We’re serious. This privilege absurdity needs to end. 100% of proceeds for this pattern are donated monthly to the Equal Justice Initiative (EJI).
And then? My editor (in Texas) decided to charge me exactly zero dollars to work on this project.
I love all the generosity that went into this hat. And I love how this project, thanks to all five of us, spans so much of the United States.
Of course, the proceeds are going to the Equal Justice Initiative (in Alabama):
The Equal Justice Initiative is committed to ending mass incarceration and excessive punishment in the United States, to challenging racial and economic injustice, and to protecting basic human rights for the most vulnerable people in American society.
While I was knitting the sample for this pattern, I listened to Bryan Stevenson's book, Just Mercy. I won't try to describe the book here, but I will say it's an absolutely essential read, and it is the reason why I chose to support EJI with this project.
I'd love to count you as a collaborator on Stitch It To The Man. Whether you're a knitter or a friend of a knitter, you can buy the pattern here.
Other books I've been reading while working on this project are: Michael W. Twitty's The Cooking Gene, and Rivers Solomon's An Unkindness of Ghosts. Both of these incredible books are written by authors of color, and they address in their own distinct and riveting ways how truly critical it is to end, f*ck, or fuck white supremacy. Read these two books, too. Or give them as holiday gifts. Or both!

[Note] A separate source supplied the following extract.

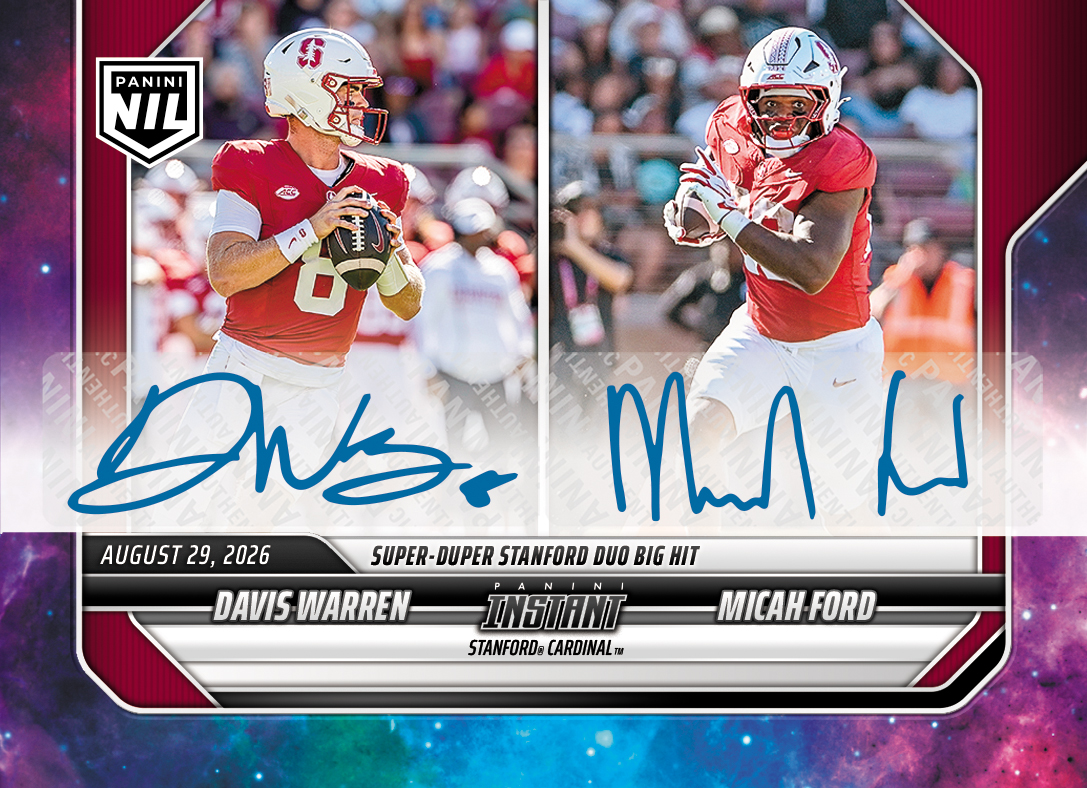 Detailed Image of Davis Warren/Micah Ford - 2026 Panini NIL College Football #I-DFO - Galaxy 1/1 Auto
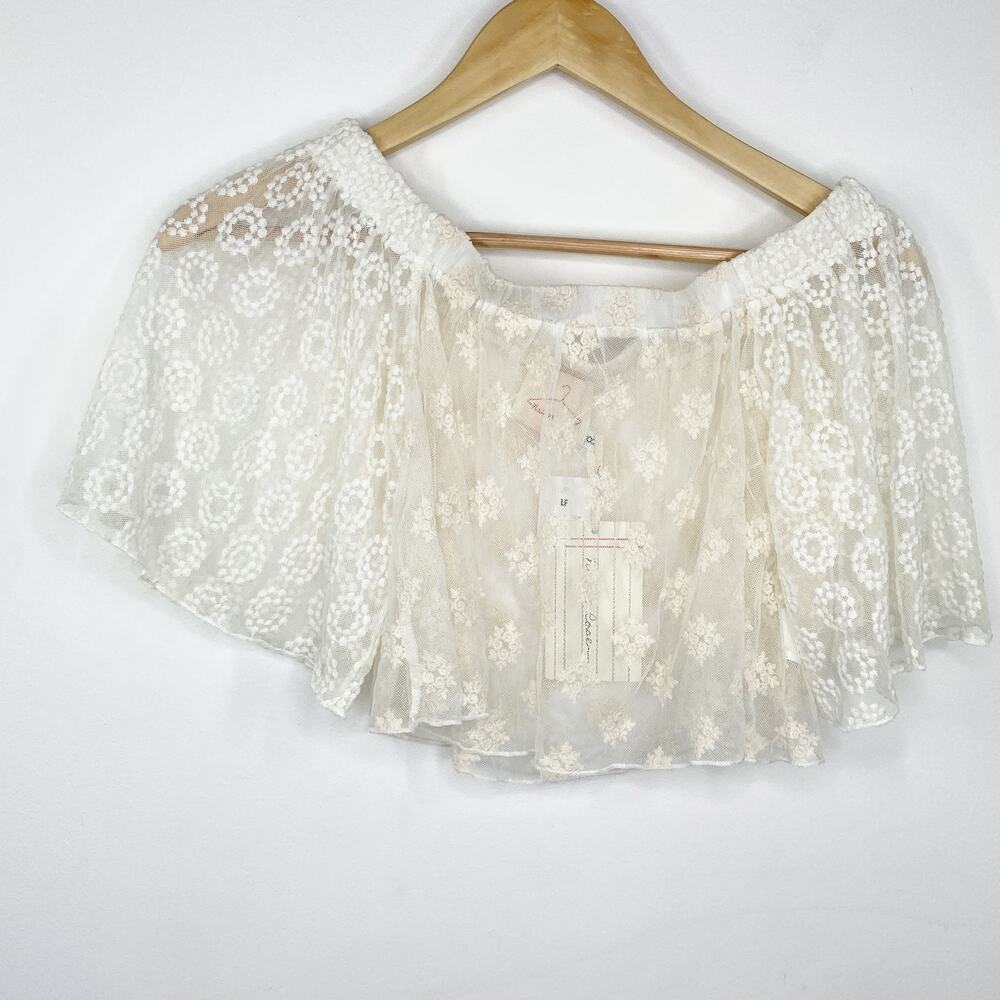 LF Native Rose Cream Woven Short Sleeve Sheer Top Women's Size‎ 8 NWT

That's right: it's the holidays. This weekend, we decorated the Christmas tree, in and around doing about a zillion other things. And I finally used the butternut squash that arrived in our CSA box during the week of Thanksgiving. I made soup with a recipe that went as far away from sweet butternut squash flavor as I could find: Butternut Squash and Tomato Soup. I'm pleased to report it is a new family favorite. All three of us happily ate it two days in a row (it's gone now, or we'd still be enjoying it), and that never happens with squash soup. I served the soup with a kale Caesar salad. This Caesar vinaigrette is the best. And don't roll your eyes when I tell you that you need to massage the kale before you dress it. It only takes five minutes and it makes all the difference. Here's what to do: Once you've washed and stemmed the kale, chop the leaves into salad-sized pieces and put them in a big bowl. Drizzle a little olive oil on the kale, and with your (super clean) hands, squeeze and smoosh the life out of the kale. The volume of leaves will shrink by about 1/3 or 1/2. When you're done with this step, add dressing to your taste, and toss. The salad will keep beautifully for several days in the fridge if you have left-overs. Some good cheese and bread rounded out our plates nicely.